How clustering works: K-Means clustering techniques have proven to be an effective way of identifying spam. The way that it works is by looking at the different sections of the email (header, sender, and content). The data is then grouped together.
These groups can then be classified to identify which are spam. Including clustering in the classification process improves the accuracy of the filter to 97%. This is excellent news for people who want to be sure they’re not missing out on your favorite newsletters and offers.

3. Marketing and Sales

Personalization and targeting in marketing is big business.

This is achieved by looking at specific characteristics of a person and sharing campaigns with them that have been successful with other similar people.

What the problem is: If you are a business trying to get the best return on your marketing investment, it is crucial that you target people in the right way. If you get it wrong, you risk not making any sales, or worse, damaging your Customer trust.

How clustering works: Clustering algorithms are able to group together people with similar traits and likelihood to purchase. Once you have the groups, you can run tests on each group with different marketing copy that will help you better target your messaging to them in the future.

4. Classifying network traffic

What the problem is: As more and more services begin to use APIs on your application, or as your website grows, it is important you know where the traffic is coming from. For example, you want to be able to block harmful traffic and double down on areas driving growth. However, it is hard to know which is which when it comes to classifying the traffic.

How clustering works: K-means clustering is used to group together characteristics of the traffic sources. When the clusters are created, you can then classify the traffic types. The process is faster and more accurate than the previous Autoclass method. By having precise information on traffic sources, you are able to grow your site and plan capacity effectively.

5. Identifying fraudulent or criminal activity

In this scenario, we are going to focus on fraudulent taxi driver behavior. However, the technique has been used in multiple scenarios.

What is the problem: You need to look into fraudulent driving activity. The challenge is how do you identify what is true and which is false?

How clustering works: By analysing the GPS logs, the algorithm is able to group similar behaviors. Based on the characteristics of the groups you are then able to classify them into those that are real and which are fraudulent.

6. Document analysis

There are many different reasons why you would want to run an analysis on a document. In this scenario, you want to be able to organize the documents quickly and efficiently.

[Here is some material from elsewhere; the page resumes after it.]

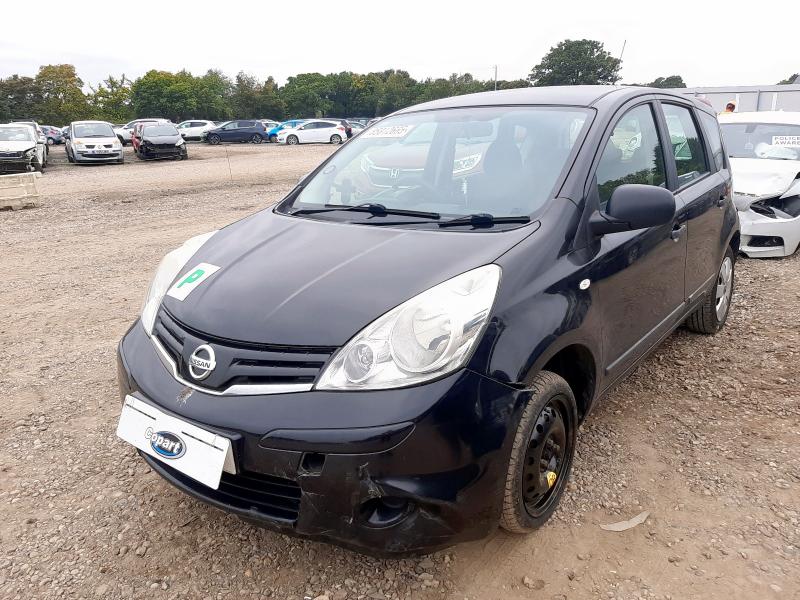 2011 NISSAN NOTE VISIA  for sale at Copart COLCHESTER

What the problem is: Imagine you are limited in time and need to organize information held in documents quickly. To be able to complete this ask you need to: understand the theme of the text, compare it with other documents and classify it.

How clustering works: Hierarchical clustering has been used to solve this problem. The algorithm is able to look at the text and group it into different themes. Using this technique, you can cluster and organize similar documents quickly using the characteristics identified in the paragraph.

7. Fantasy Football and Sports

Ok so up until this point we have looked into different business problems and how clustering algorithms have been applied to solve them.

But now for the critical issues — fantasy football!

What is the problem: Who should you have in your team? Which players are going to perform best for your team and allow you to beat the competition? The challenge at the start of the season is that there is very little if any data available to help you identify the winning players.

How clustering works: When there is little performance data available to train your model on, you have an advantage for unsupervised learning. In this type of machine learning problem, you can find similar players using some of their characteristics. This has been done using K-Means clustering. Ultimately this means you can get a better team more quickly at the start of the year, giving you an advantage.